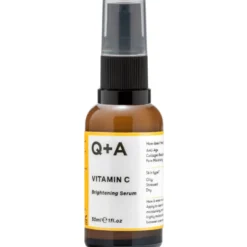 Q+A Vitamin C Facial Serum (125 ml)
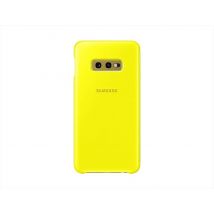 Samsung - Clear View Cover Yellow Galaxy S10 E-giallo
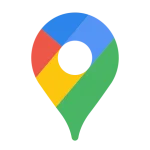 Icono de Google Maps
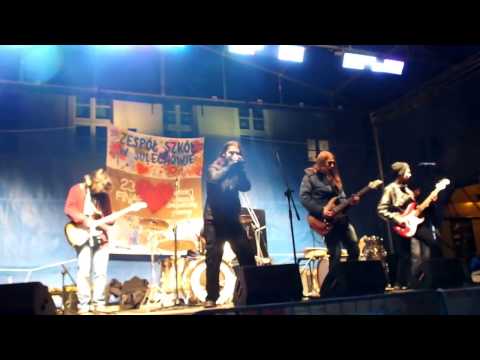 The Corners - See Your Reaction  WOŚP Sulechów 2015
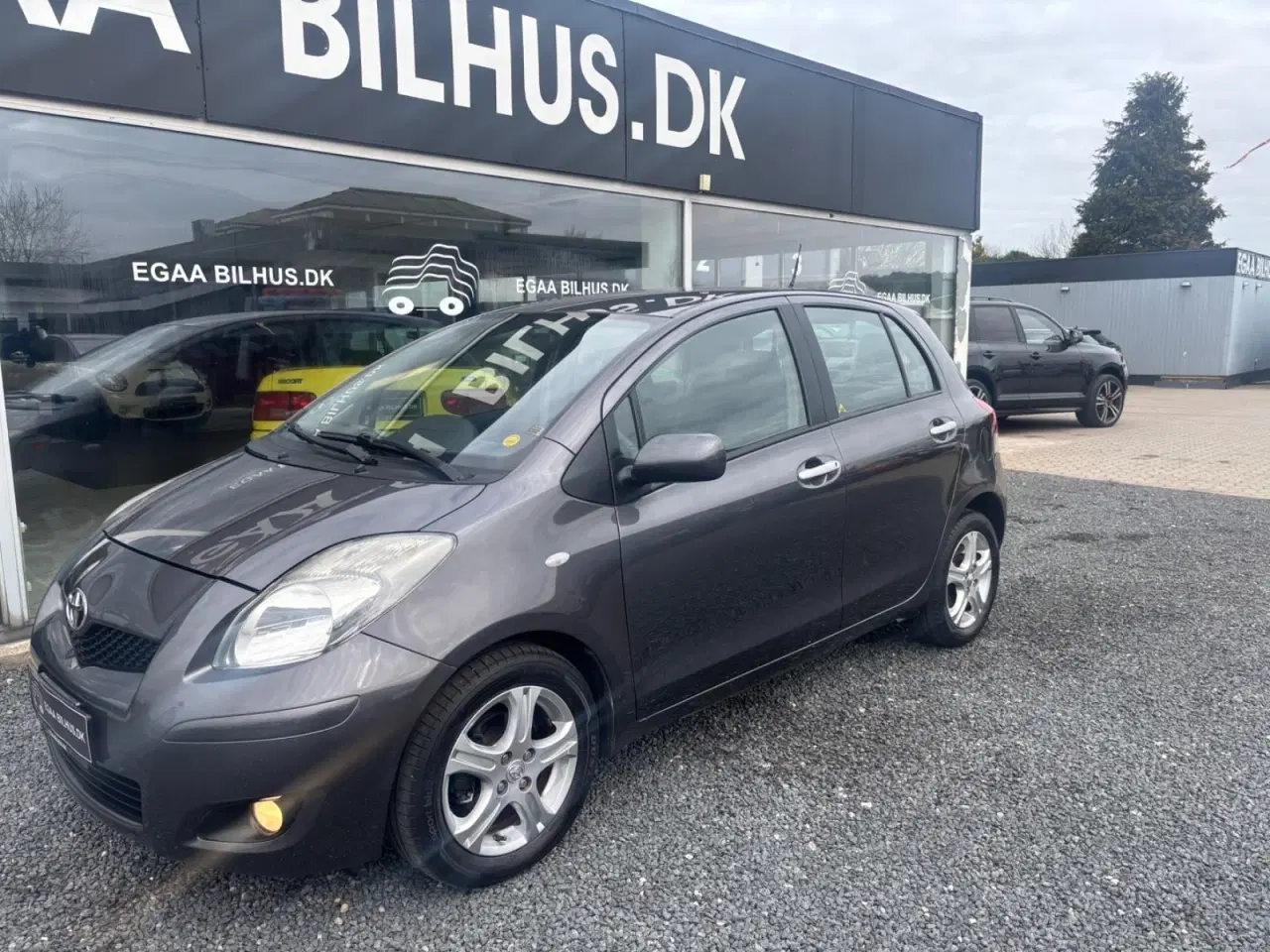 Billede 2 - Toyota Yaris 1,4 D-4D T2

*****

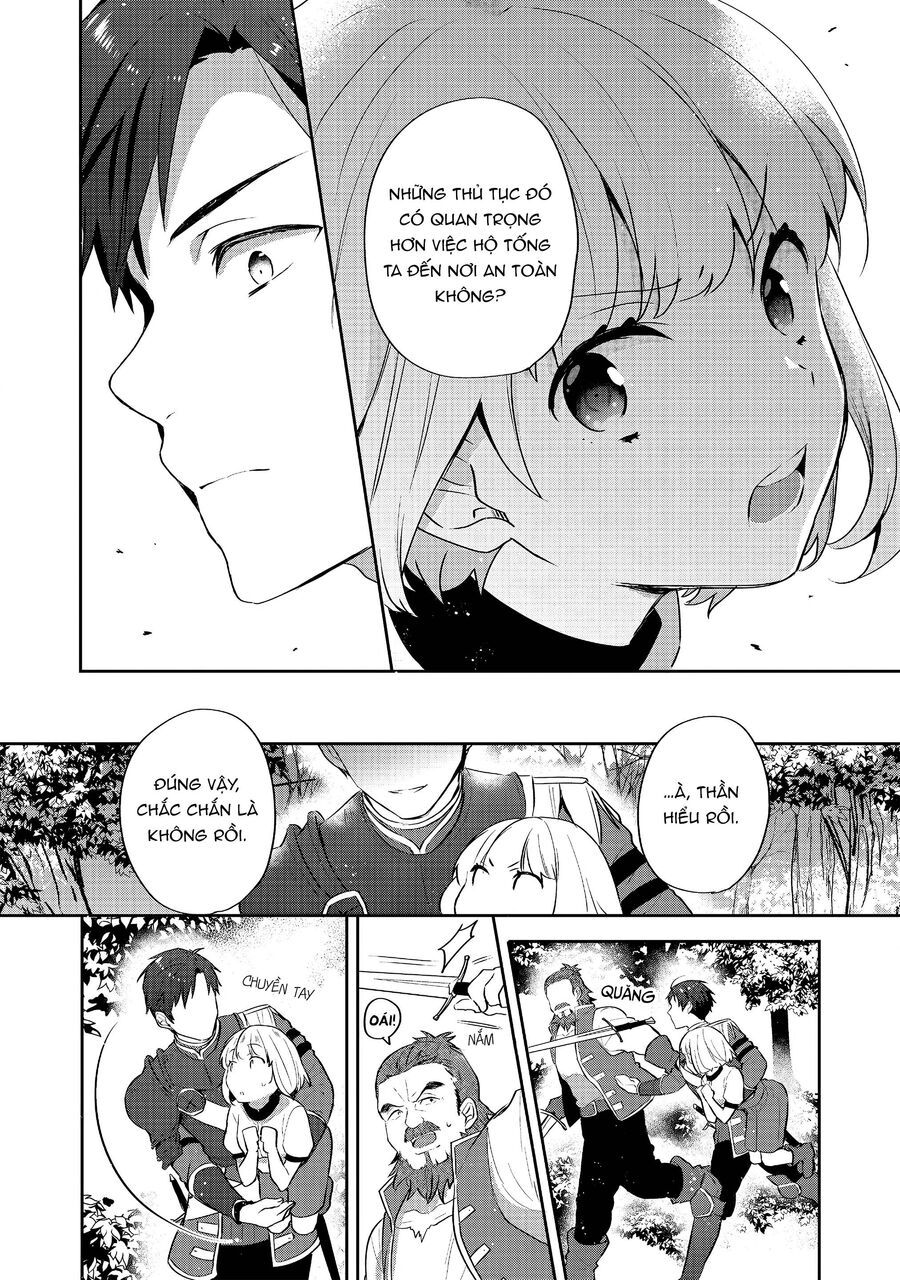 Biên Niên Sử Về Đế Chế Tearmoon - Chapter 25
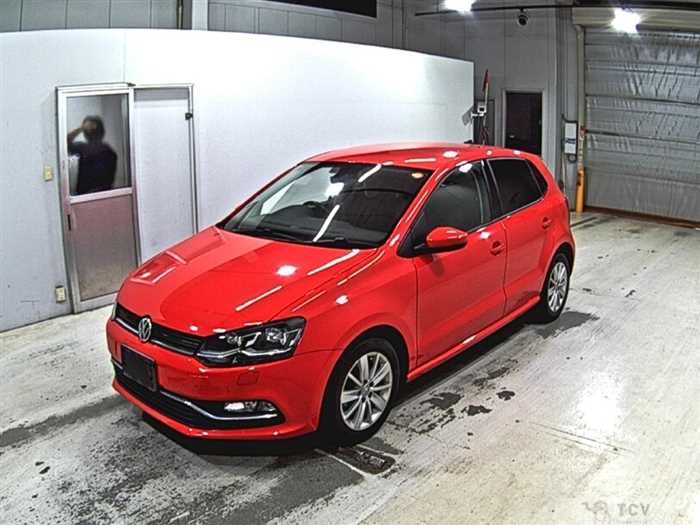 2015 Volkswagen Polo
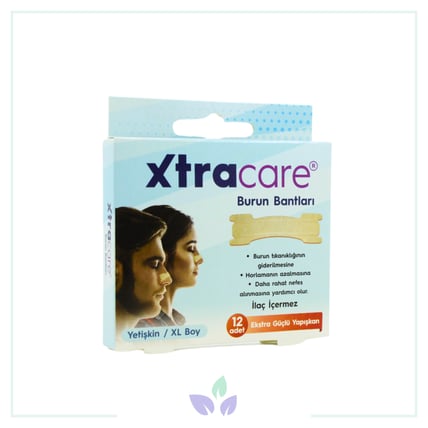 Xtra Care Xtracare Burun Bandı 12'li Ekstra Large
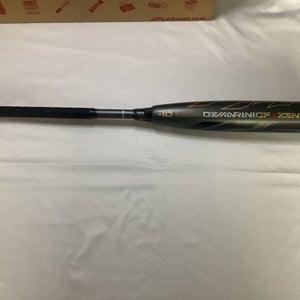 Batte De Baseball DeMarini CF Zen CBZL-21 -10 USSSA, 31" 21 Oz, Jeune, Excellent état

*****

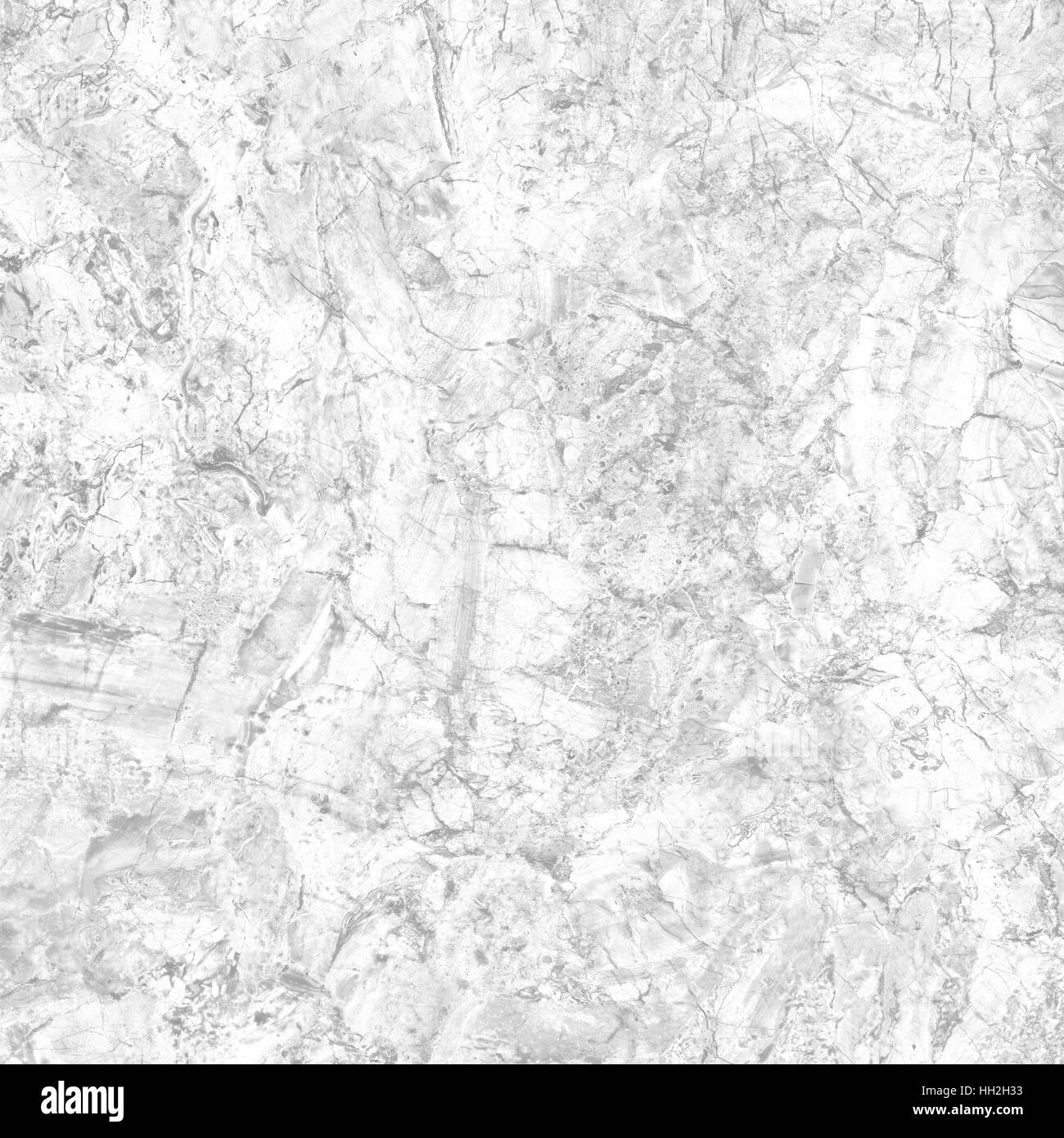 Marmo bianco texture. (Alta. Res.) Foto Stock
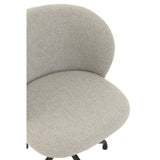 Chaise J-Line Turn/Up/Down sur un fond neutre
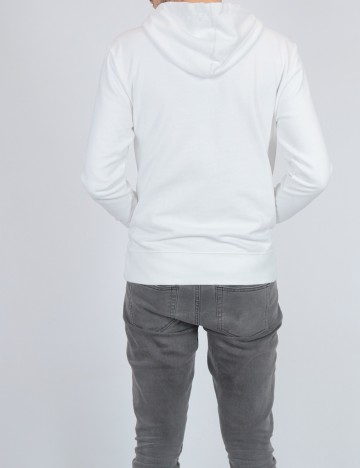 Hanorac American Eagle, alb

*****

▶ Activity: Begin at the line in the entries above that has "Q+A Vitamin C Facial Serum (125 ml)", stop after the line that has "Billede 2 - Toyota Yaris 1,4 D-4D T2", and output exactly those lines without pictures.

▶ Answer area:
 Q+A Vitamin C Facial Serum (125 ml)
 Samsung - Clear View Cover Yellow Galaxy S10 E-giallo
 Icono de Google Maps
 The Corners - See Your Reaction  WOŚP Sulechów 2015
 Billede 2 - Toyota Yaris 1,4 D-4D T2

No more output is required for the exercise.